Machine learning ML algorithms are proficient at detecting fraudulent activities — they take real-time actions to prevent such activities.
However, as long as the financial world thrives, so will cyber attacks. But an AI-enhanced security approach can surely improve the FI’s security posture.
Financial Advisory Services
AI is reshaping the Financial advisory landscape — providing you with accurate financial advice based on your overall financial status, financial history, and financial habits.
A fantastic example of financial reshaping with AI is Robo-advisors.
Robo-advisors are AI assistants, an excellent option for entry-level investors, better at guiding users, personalizing user experiences, and, when necessary, connecting them with human experts. They provide financial advice or manage your investments with moderate to minimal human interference.
Robo advisors gather data by asking a set of pre-defined questions based on your income, assets, liabilities, and risk-taking ability. Moreover, it analyzes your financial transaction like bank and credit cards. That’s how they judge your economic behavior and make financial advice accordingly.

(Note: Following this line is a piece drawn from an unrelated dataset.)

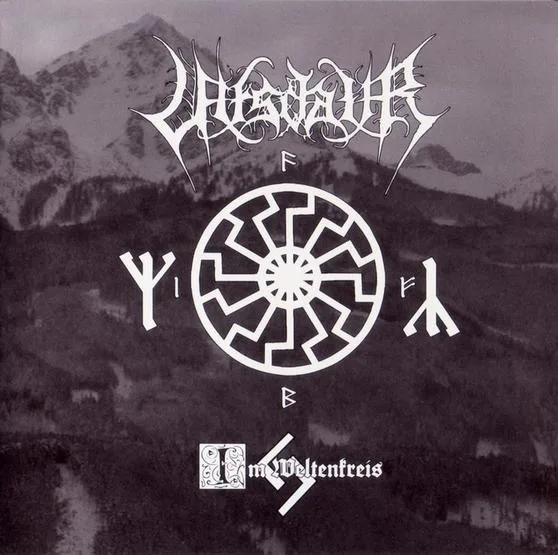 Jera - Im Weltenkreis cover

AI, however, is the ideal financial partner — frigid and unbiased, able to make huge calculations and find patterns in seconds.
While it’s true that AI and ML algorithms are dealing with numerous tasks, they are constantly learning from the volumes of data — bridging the gap by bringing the world closer to a completely automated financial system.
AI is inherently consistent, so it provides a clearer picture of what will work and what won’t, depending on past activities. And when it comes to financial decision-making, having this level of consistent understanding of the industry can help you make the right choice.